See figure below which illustrates my thinking. Note that actual credibility is not assigned in the bottom image because these results are expected relationships.

The upper graph shows the prior credibilities for the four candidate means and normal distributions, located at values 1,2,3,4. In the posterior distribution, bayesian reallocation of credibility indicates that the mean of 2 is most credible because the three balls (diameters 1.77, 2.3, and 2.7) all fall within 1 standard deviation of the mean, or 68% of the data for ball size 2. Following this, ball size 3 is the next most credible, with two balls (diameters 2.3 and 2.7) falling within 1 standard deviation. After this, ball size one is the next most credible with one ball (diameters 1.77) falling within 1 standard deviation. Lastly, ball size 4 is least credible

Here is a picture supporting this reasoning

2.

Explain why the ‘cloud’ of credible regression lines in the left side panel of Figure 2.5 (K2.3, page 26) have the characteristic shape that they do, e.g., narrow range in center of plot but broader towards edges?

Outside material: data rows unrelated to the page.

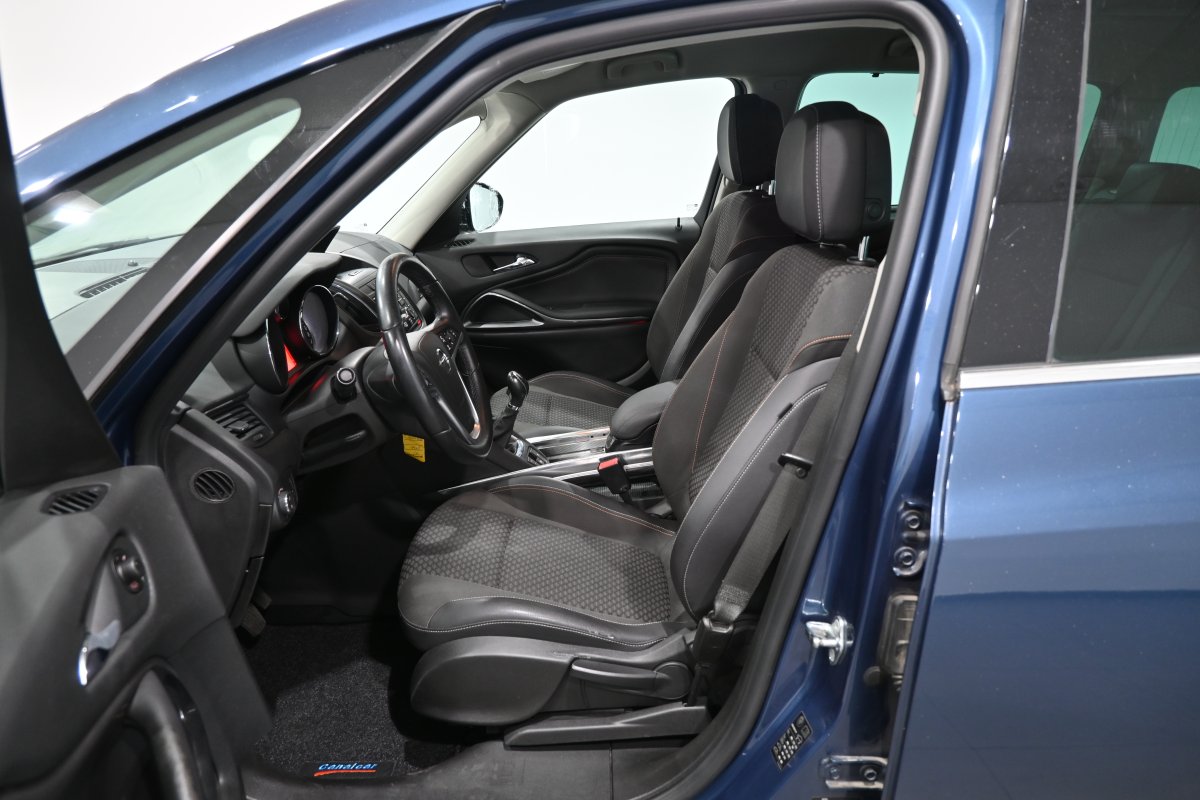 Foto Opel Zafira 10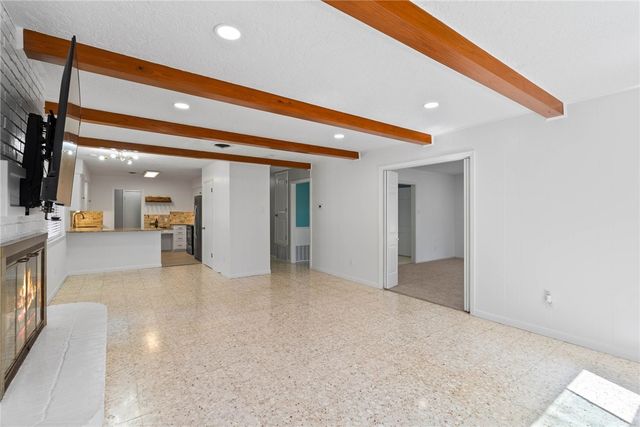 1905 Shores Lane, Rockport, TX 78382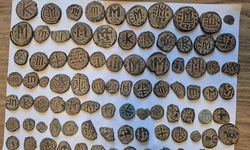 İtalya'ya kaçırılmak istenen tarihi eserleri şoför kabinindeki sıra dışı yoğunluk ele vermiş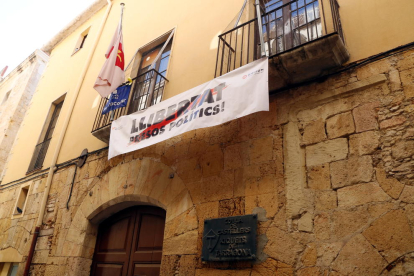 Fachada del edificio de los Xiquets de Tarragona, cerrado por rehabilitación.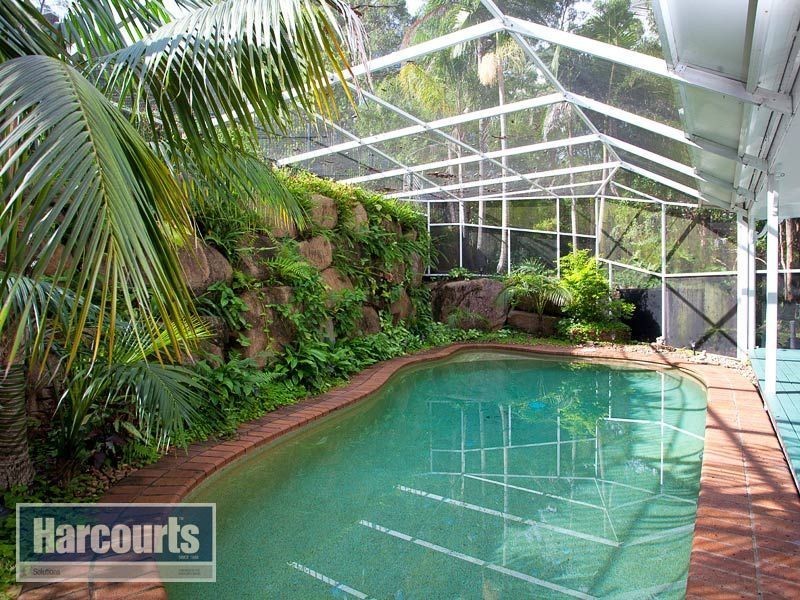 4 Anaheim Court, Ferny Hills QLD 4055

From Kruschke: The left panel in figure 2.5 shows a random smattering of credible regression lines from the posterior distribution. Each line plots the equation (see below) for credible combinations of \(\beta_1\) (slope) and \(\beta_0\) (intercept). The bundle of lines show a range of credible possibilities, given the data, instead of plotting only a single “best” line.

The characteristic shape is formed because the linear regression lines pass through the mean values (“narrow range”) then spread more broadly toward the edges due to different credible values for \(\beta_1\) (slope) and \(\beta_0\) (intercept). The slope and intercept are interdependent.

3.

Kruschke Exercise 2.1

Model A

\(p(x)=1/4\)

Model B

\(p(x)=x/10\)

Model C

\(p(x)=12/(25x)\)

Model A is unbiased because there is equal probability (one out of four; 1/4) that x will be rolled. Model B is biased towards higher numbers rolled, for example the \(p\) that a “1” will be rolled is 10% (1/10) but that a “4” will be rolled is 40% (4/10). Conversely, Model C biases toward the lower numbers (see maths).

# Model B maths
1/10

## [1] 0.1

4/10

## [1] 0.4

# Model C maths
12/(25*1)

## [1] 0.48

12/(25*2)

## [1] 0.24

12/(25*3)

## [1] 0.16

12/(25*4)

## [1] 0.12

4.

Kruschke Exercise 2.2

During the first iteration where each number on the die is rolled equally (25 times), we now change the credibilty of our models so that A is the most credible. Models B and C are less credible but to the same degree.

During the second scenario where 1 is rolled most (48 times) and each successive number occurs fewer and fewer times, we then change the credibility so that that Model C becomes more credible. Model B is the least credible (data are opposite of Model’s prediction) and Model A is marginally more credible than B - but Model C still reigns king.